Brief =
Find "2pcs/set Handmade Copper" in the listing below, then set down only that line and each later line, unchanged, leaving out pictures.

Dataset excerpt =
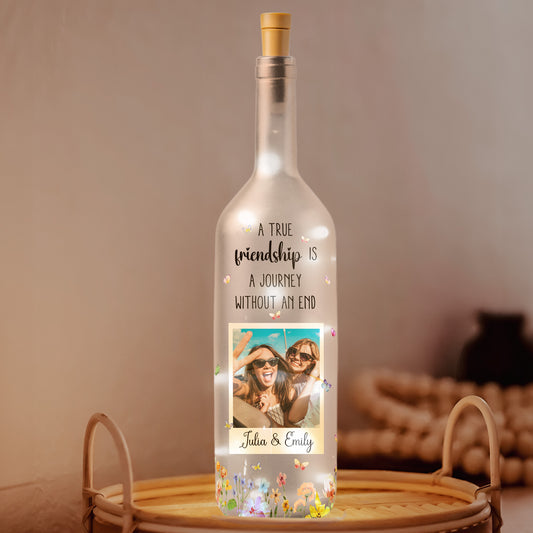 Besties Forever Floral - Thank You Gift For Friends - Personalized Photo Bottle Lamp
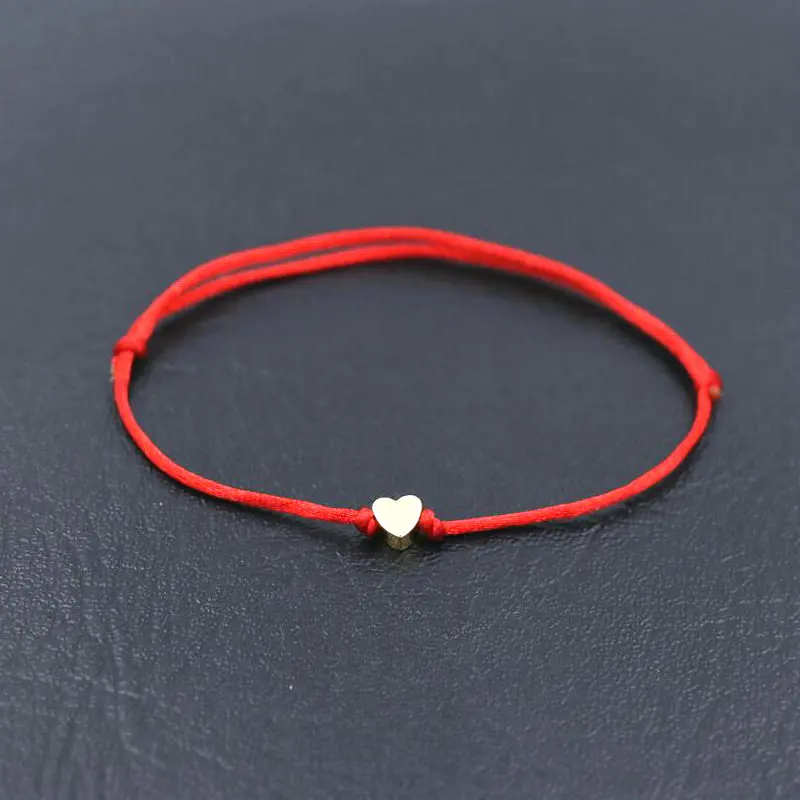 2pcs/set Handmade Copper Love Heart Shape Charm Bracelet Thin Red Rope Thread String Bracelets For Lovers Men Women Couples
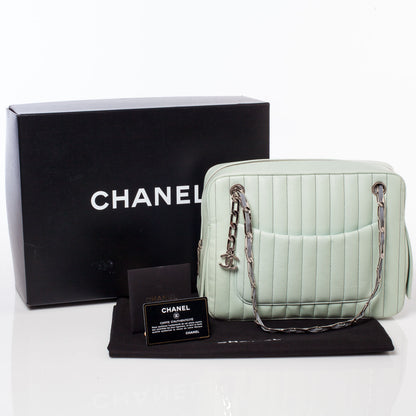 Chanel Lambskin Vertical Quilted Mademoiselle Camera Case Green 13 of 13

Written response =
 2pcs/set Handmade Copper Love Heart Shape Charm Bracelet Thin Red Rope Thread String Bracelets For Lovers Men Women Couples
 Chanel Lambskin Vertical Quilted Mademoiselle Camera Case Green 13 of 13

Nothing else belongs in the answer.